The University of Wisconsin Hospitals and Clinics (UWHC) confirmed that it is giving up its plans to create a clinic in Madison that would provide late-term abortions. In early 2009 the board of UWHC had approved a plan to build a facility that would provide abortions to women in their second trimester of pregnancy (19 to 22 weeks), with projections for around 125 abortions annually.
The clinic was to have moved in on the business of retiring abortionist Dennis Christensen, who was famous for performing late-term procedures at the Planned Parenthood abortion center where he worked.
While a letter from the Wisconsin Department of Justice surfaced in May indicating that UWHC had stopped pursuing the plan, UWHC stated publicly that it had not given up yet, despite intense pressure from state and national pro-life groups, as well as indications from a majority of the anesthesiologists working at the Madison Surgery Center that they would not take part in the abortions (which would have made the abortion plan difficult to implement).
Finally, on December 14 UWHC spokesman Lisa Brunette officially announced that the plan — which had the backing of UW Hospital, the UW Medical Foundation, and Madison’s Meriter Hospital — had been scrapped, citing in part concerns over protests from those opposing abortions. “We want to make sure anyone going into that building is safe from harm and has their privacy respected,” Brunette said, adding that the groups would not be seeking another location for the facility.
Peggy Hamill of the group Pro-Life Wisconsin said the announcement confirmed what pro-life activists had suspected for nearly a year. Hamill applauded the physicians and other medical staff at the Madison Surgery Center who publicly opposed the plan, adding, “Wisconsin already has one late-term abortion facility in Milwaukee, killing viable babies. Wisconsinites oppose dragging our publicly-funded state university even further into the abortion business.”
The Wisconsin pro-life group said that it would continue to operate a special website, NoUWabortions.com, as long as the University of Wisconsin continues to advocate abortion.
Lisa Subeck of Wisconsin’s National Abortion Rights Action League (NARAL) expressed the group’s disappointment over UWHC’s decision, telling the Badger Herald newspaper that “women are seeking abortions after the 18th week. It’s particularly devastating to think these women … will not have access to the service.”

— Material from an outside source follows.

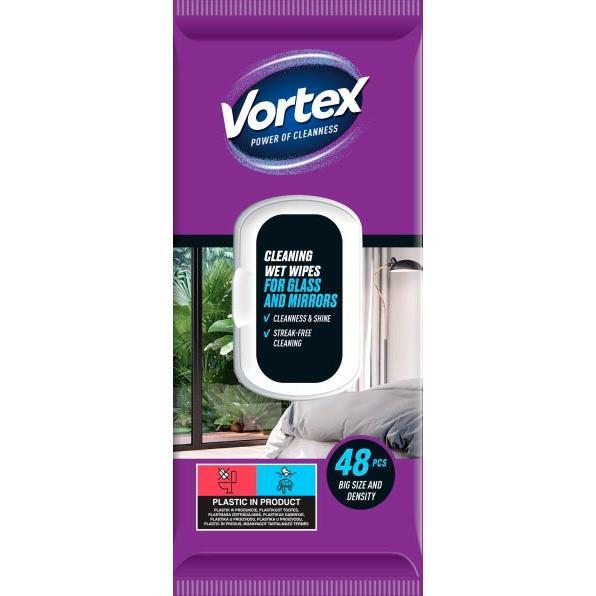 

Салфетки влажные для уборки Vortex для стекла 48 шт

According to recent statistics, some 8,200 women in Wisconsin abort their babies each year, with nine percent of them waiting until the sixteenth week of pregnancy or later.
In 2009, the Alliance Defense Fund (ADF), a pro-family and pro-life legal group, sent a letter to UWHC urging it to stop plans for the abortion center, pointing out that the program may represent an unlawful funding of abortion by a state agency. An ADF report said the legal group later “sent another letter to involved officials regarding a memo they had distributed to employees that said employees could sometimes be forced to assist in the dangerous abortions.” ADF reported that according to public records, “UWHC officials had plotted with Planned Parenthood to get the plan approved before most employees could know.”
ADF legal counsel Matt Bowman said that “Christians and other pro-life medical students and staff shouldn’t be forced to compromise their beliefs to maintain their professions, adding that UWHC and its partners “made the right decision to terminate this covert program, which threatened to require pro-life employees to participate, against their conscience, in the killing of preborn, developed babies.”
ADF noted that in recent years researchers at UWHC have performed experiments on body parts from late-term pre-born babies who were killed at nearby facilities. “If the new practice had been implemented,” reported ADF, “that class of abortions would have been performed under UWHC’s joint venture. The plan would have also included the abortion of disabled babies, which already occurs at Meriter Hospital.”